Endres Kristina, Postina Rolf, Schroeder Anja, Mueller Ulrike, Fahrenholz Falk
Institute of Biochemistry, Johannes Gutenberg-University Mainz, Germany.
FEBS J. 2005 Nov;272(22):5808-20. doi: 10.1111/j.1742-4658.2005.04976.x.

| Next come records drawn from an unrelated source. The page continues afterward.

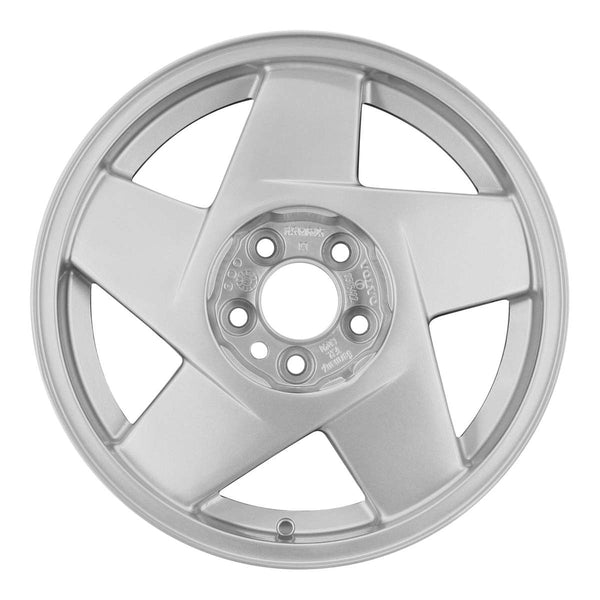 1989 volvo 740 wheel 16 silver aluminum 5 lug w70168s 13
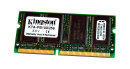 256 MB SO-DIMM 144-pin SD-RAM PC-100  Laptop-Memory  Kingston KTA-PB100/256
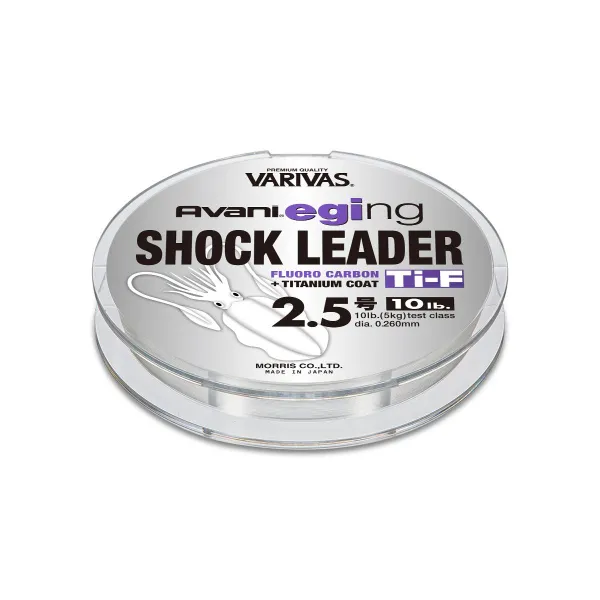 VARIVAS EGING Shock Leader Ti-Fluoro 30m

Cleavage of the amyloid precursor protein (APP) within the amyloid-beta (Abeta) sequence by the alpha-secretase prevents the formation of toxic Abeta peptides. It has been shown that the disintegrin-metalloproteinases ADAM10 and TACE (ADAM17) act as alpha-secretases and stimulate the generation of a soluble neuroprotective fragment of APP, APPsalpha. Here we demonstrate that the related APP-like protein 2 (APLP2), which has been shown to be essential for development and survival of mice, is also a substrate for both proteinases. Overexpression of either ADAM10 or TACE in HEK293 cells increased the release of neurotrophic soluble APLP2 severalfold. The strongest inhibition of APLP2 shedding in neuroblastoma cells was observed with an ADAM10-preferring inhibitor. Transgenic mice with neuron-specific overexpression of ADAM10 showed significantly increased levels of soluble APLP2 and its C-terminal fragments. To elucidate a possible regulatory mechanism of APLP2 shedding in the neuronal context, we examined retinoic acid-induced differentiation of neuroblastoma cells. Retinoic acid treatment of two neuroblastoma cell lines upregulated the expression of both APLP2 and ADAM10, thus leading to an increased release of soluble APLP2.
α-分泌酶在淀粉样β蛋白(Aβ)序列内切割淀粉样前体蛋白(APP)可防止有毒Aβ肽的形成。研究表明,解整合素-金属蛋白酶ADAM10和肿瘤坏死因子-α转换酶(TACE,即ADAM17)可作为α-分泌酶,并刺激生成APP的可溶性神经保护片段APPsα。在此我们证明,已显示对小鼠发育和存活至关重要的相关类APP蛋白2(APLP2)也是这两种蛋白酶的底物。在HEK293细胞中过表达ADAM10或TACE可使神经营养性可溶性APLP2的释放增加数倍。使用一种更偏向ADAM10的抑制剂可观察到对神经母细胞瘤细胞中APLP2脱落的最强抑制作用。神经元特异性过表达ADAM10的转基因小鼠显示可溶性APLP2及其C末端片段的水平显著增加。为阐明神经细胞环境中APLP2脱落的可能调控机制,我们检测了视黄酸诱导的神经母细胞瘤细胞分化。用视黄酸处理两种神经母细胞瘤细胞系可上调APLP2和ADAM10的表达,从而导致可溶性APLP2的释放增加。